You can also follow Mute Publishing on Twitter.

Forgotten Promise by Bruce McRae

After the rainbow,
a pillow stuffed with dreams and mites.
A carnation dipped in gun oil.
A request from Death’s neighbour.

After the rainbow, a meteor.
Scuffling among the cutlery.
A village swallowed by the countryside.
Spectres sparring.

The rainbow, painted on a cellar wall
by the blind sorcerer’s daughter.
Under a tin bucket of milk.
Remote and indifferent
to men’s strife and the causes of suffering.

After the storm, a rainbow.
Walking a tightrope.

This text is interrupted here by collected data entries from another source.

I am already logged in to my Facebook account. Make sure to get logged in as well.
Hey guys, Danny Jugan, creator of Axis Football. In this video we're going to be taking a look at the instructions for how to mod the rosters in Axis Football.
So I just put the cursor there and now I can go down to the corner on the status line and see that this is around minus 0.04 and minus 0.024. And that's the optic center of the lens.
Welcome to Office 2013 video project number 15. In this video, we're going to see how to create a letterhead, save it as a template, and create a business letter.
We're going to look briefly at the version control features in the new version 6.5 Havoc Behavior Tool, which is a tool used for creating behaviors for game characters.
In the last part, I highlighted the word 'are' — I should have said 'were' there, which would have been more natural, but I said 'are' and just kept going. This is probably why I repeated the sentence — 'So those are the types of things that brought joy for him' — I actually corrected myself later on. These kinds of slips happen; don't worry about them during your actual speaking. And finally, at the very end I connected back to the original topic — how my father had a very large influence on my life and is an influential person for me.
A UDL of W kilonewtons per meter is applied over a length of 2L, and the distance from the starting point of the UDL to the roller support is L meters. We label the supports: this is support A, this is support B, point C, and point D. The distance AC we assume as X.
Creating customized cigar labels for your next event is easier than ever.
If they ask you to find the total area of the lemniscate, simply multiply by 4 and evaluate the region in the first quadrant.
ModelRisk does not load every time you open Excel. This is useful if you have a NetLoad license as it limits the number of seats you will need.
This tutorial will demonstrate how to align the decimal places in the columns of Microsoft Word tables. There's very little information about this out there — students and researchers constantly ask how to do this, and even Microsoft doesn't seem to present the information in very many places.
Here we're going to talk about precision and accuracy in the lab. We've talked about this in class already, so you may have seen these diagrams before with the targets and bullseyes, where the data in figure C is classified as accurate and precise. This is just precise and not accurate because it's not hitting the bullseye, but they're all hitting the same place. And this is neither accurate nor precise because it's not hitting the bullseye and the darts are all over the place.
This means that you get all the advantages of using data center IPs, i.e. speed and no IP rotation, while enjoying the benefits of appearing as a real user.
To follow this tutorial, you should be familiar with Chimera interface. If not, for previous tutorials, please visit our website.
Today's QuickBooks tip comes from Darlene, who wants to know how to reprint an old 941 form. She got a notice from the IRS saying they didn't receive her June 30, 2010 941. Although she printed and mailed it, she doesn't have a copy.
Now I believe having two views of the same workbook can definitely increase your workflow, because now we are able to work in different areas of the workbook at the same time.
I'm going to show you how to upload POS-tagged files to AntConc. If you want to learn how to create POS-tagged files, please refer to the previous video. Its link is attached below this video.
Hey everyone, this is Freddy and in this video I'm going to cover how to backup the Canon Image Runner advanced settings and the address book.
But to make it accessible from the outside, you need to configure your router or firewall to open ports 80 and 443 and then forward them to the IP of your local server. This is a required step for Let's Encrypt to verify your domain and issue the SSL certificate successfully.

Twisting a wire.
Mocking the sounds we make
before nightly retiring.
As peculiar as lost money.
Like finding a finger in the snow.

The one that shows itself at night.
The deer’s god and raven’s deformity.
What the prisoner on the gallows saw
through the folds of his departure.

Pushcart-nominee Bruce McRae is a Canadian musician with over 900 publications, including Poetry.com and The North American Review. His first book, ‘The So-Called Sonnets’ is available from the Silenced Press website or via Amazon books. To hear his music and view more poems visit ‘TheBruceMcRaeChannel’ on Youtube.

Talk Like a Pirate Day on D Block by SaraEve Fermin

Is that why they call me
A sullen girl, sullen girl
They don’t know
I used to sail the
Deep and tranquil sea
-Sullen Girl, Fiona Apple

1.
Call her fish out of water.
Broom unenchanted.
Pussy unpurred.
Dragon unroarred.
Bitch unvoiced.
Rage unfisted.
Cackle unsharp.
Pack separated.
Call her tame.
Call her caged.
Call her complacent.
Call her bae.
Call her wifey.
Call her domesticated.
Call her Stockholm Syndrome.
Call her statistic.
Call her get over it.
Call her ‘NOT ANOTHER’.
Call her proper.
Call her property.

2.
call her.
The power that resides in your most dormant
place, right now, it begs to sing. Call her now.
Call the Mermaid, Call the Sirens,
call the Moon and tell her the Sea wants to play.
We have yet ANOTHER story
to tell.

SaraEve is a performance poet and epilepsy advocate from New Jersey. She is the founding editor of Wicked Banshee Press (2014) and a 2013 Women of the World Poetry Slam Competitor. Her work can be found in GERM Magazine, WordsDance, Transcendence and Ghost House Review as well as sever other online journals. You can follow SaraEve on Twitter.

Girls Night Out by S. Kay

Lips Uptown
She wears fuzzy ears with flashing lights as she dances on the bar, watching bachelorettes down celebratory glow-in-the-dark shots.

Eager Beavers
We gals do maple whiskey body shots at Eager Beavers, the Canadian exploitation strip club where the staff wears plaid flannel thongs.

Lusty Ladyland
A bachelorette gets up with the dancer, twerking in a satin club dress. She kisses the girl and likes it, jumping down for a sugary shot.

SciSexy Dancebot Spectacular
A robot poledances, while a woman in a futuristic microbikini toasts me with free Moonshots. My bridesmaids take a selfie for social media.

Sour Cherry’s Pie Stand
We do too many fruit shooters at the local organic cabaret. Drag queens squeeze juice while they lip sync, and read us over dessert.

Girls Girls Girls
I gain five pounds from girls’ night out, and when I try out for the amateur strip show, they say I’m too fat. Figures. Men.